Un po’ nascosto, in questa sala, si trova un quadro che rappresenta probabilmente l’unica testimonianza iconografica di Luigi Belloli, il più grande cornista italiano della prima metà dell’800.
Fu allievo del leggendario Giovanni Punto (Jan Václav Stich), per il quale persino Beethoven scrisse una sonata ancora oggi spesso eseguita.
Delle esecuzioni di tale sonata è passata alla storia una recensione di un giornale di Pest, in Ungheria. “Chi è questo Beethoven? Il suo nome non ci è noto. Di sicuro Punto è molto più conosciuto”.
Dal 1803 Belloli fu primo corno nell’orchestra del Teatro alla Scala e successivamente professore di corno e
tromba al Conservatorio. Non deve stupire la padronanza dei due strumenti: anche il padre di Rossini li suonava entrambi. Il corno che tiene in mano è uno strumento “naturale”, cioè senza cilindri.
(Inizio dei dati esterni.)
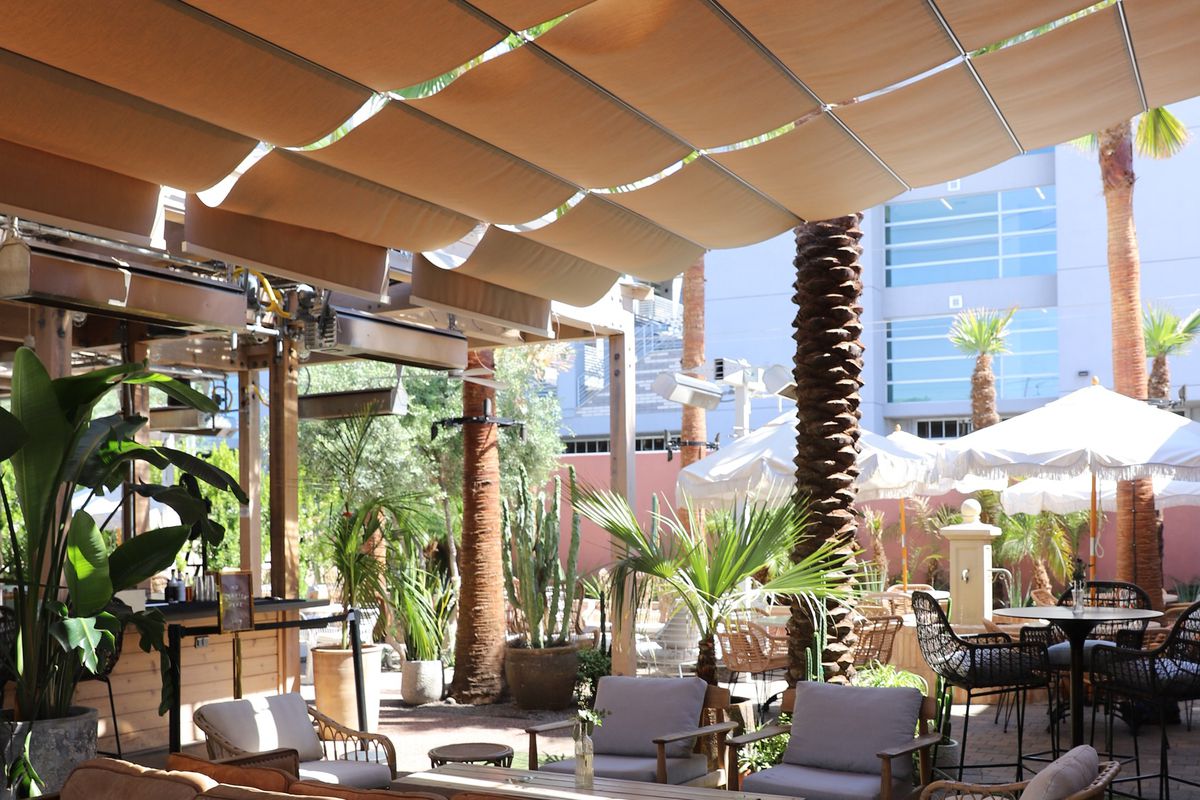 An empty patio with lots of seating and plants.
L’intera gamma cromatica, impossibile alla tromba prima dell’invenzione dei pistoni, era resa attuabile
invece al corno (pur con timbri differenti) dall’introduzione della mano nel padiglione.
Questo quadro va idealmente collocato accanto a quelli di Cavallini e Rolla, in sala 4, e ci fa riflettere sulle
lontane radici dell’eccellenza strumentale dell’orchestra del nostro Teatro.